One Mindfulness Activity you HAVE to Try with your Child

I’ve come across a couple of themes in my practice this past month (1) strange or scary dreams (2) increased anxiety and scary thoughts.

This is especially troublesome for children who may not be able to connect their dreams and fears to things such as a lack of sleep, changes in weather, darkness, or feeling unwell.

Fears and nightmares in children are partly normal in their developmental stages. Our knee jerk reaction as parents and caregivers is to comfort our kids by saying things such as “just don’t think about it, it’s not real, ignore it, or distract yourself.”

Self soothing is definitely a valuable skill and kids will benefit from that skill throughout their lives. But, I would like to invite you to shift the way you discuss your children’s fears with them.

How? Through mindfulness…

Mindfulness is such a profound way to manage stress, anxiety, fears, and worries for adults and children alike. This doesn’t mean spending 20 minutes in stillness – I don’t think any child could sit still and quiet for 20 minutes!!

You can get very creative with mindfulness. It doesn’t have be a time-consuming activity. Kids are able to process and comprehend SO much more than we would ever understand or give them credit for. They are also very literal and learn best when being able to utilize their rich imaginations.

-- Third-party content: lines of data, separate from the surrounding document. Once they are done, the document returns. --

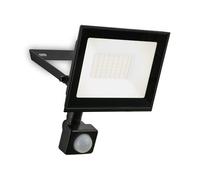 BRILONER - Projecteur LED extérieur avec détecteur de mouvement, lumière blanc neutre, 30W 2700lm, IP65 protection poussière et eau, éclairage extérieur pour jardin, garage, façade, 14x19x4 cm, Noir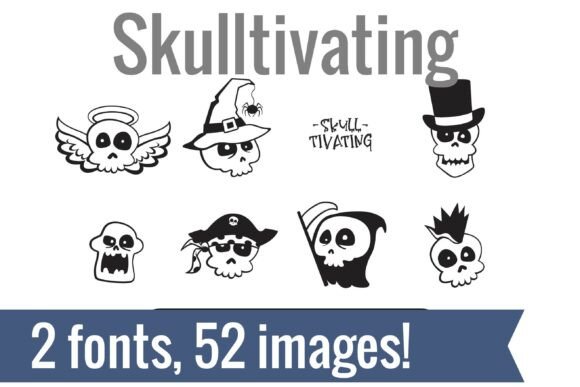 Skulltivating Dingbats: A Spooky Font for Creative Makers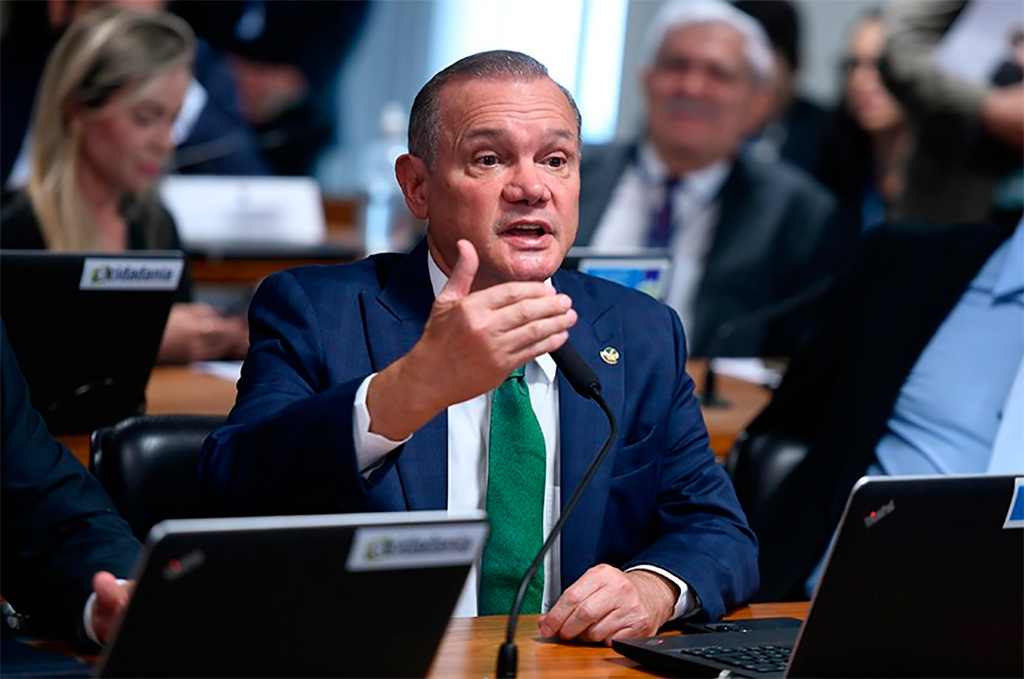 O relator, Senador Wellington Fagundes (PL-MT), defendeu aprovação da proposta – Foto: Edilson Rodrigues/Agência Senado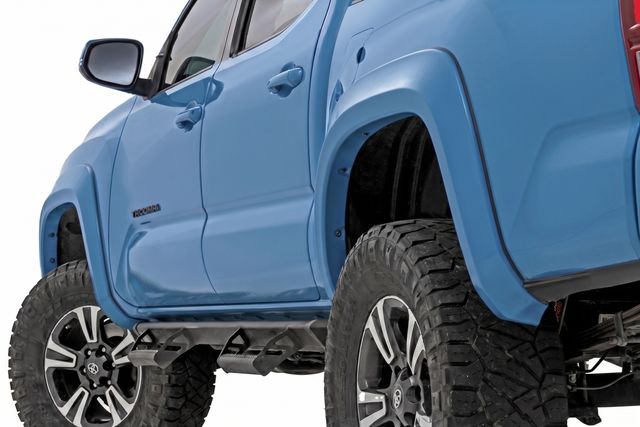 Rough Country Sport Fender Flares | 8W2 Cavalry Blue | Toyota Tacoma 2WD/4WD (2016-2023)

Here is just a few ways kids can practice mindfulness…

  • Through drawing
  • Talking with a trusted friend or adult
  • Movement – exercise, sports, dancing, etc.
  • Breathing – try some of the breathing exercises on our past blog here

If your little one is experiencing worry thoughts and fears right before bedtime I have the perfect mindfulness activity for you to try with them.

I love to practice this one with my own kids!

Worry Thought Mindfulness Practice for Kids

While laying in bed or even before bedtime, have an open and honest conversation about their fears. They might be afraid to talk about it but reassure them that when we share our fears, those fears lose some of their power.

Once you’ve heard their fears, ask your child to imagine when a thought pops into their head that they are able to put that thought in a bubble and toss it up to the sky (the Universe, God, Heaven – whatever your belief system may be). When the thought is thrown into the sky it is dealt with and it is no longer a fear swimming around in your head.

Repeat as often as necessary!

This is an excellent mindfulness exercise that can be utilized by kids and can become a tool that they will carry along with them into adulthood.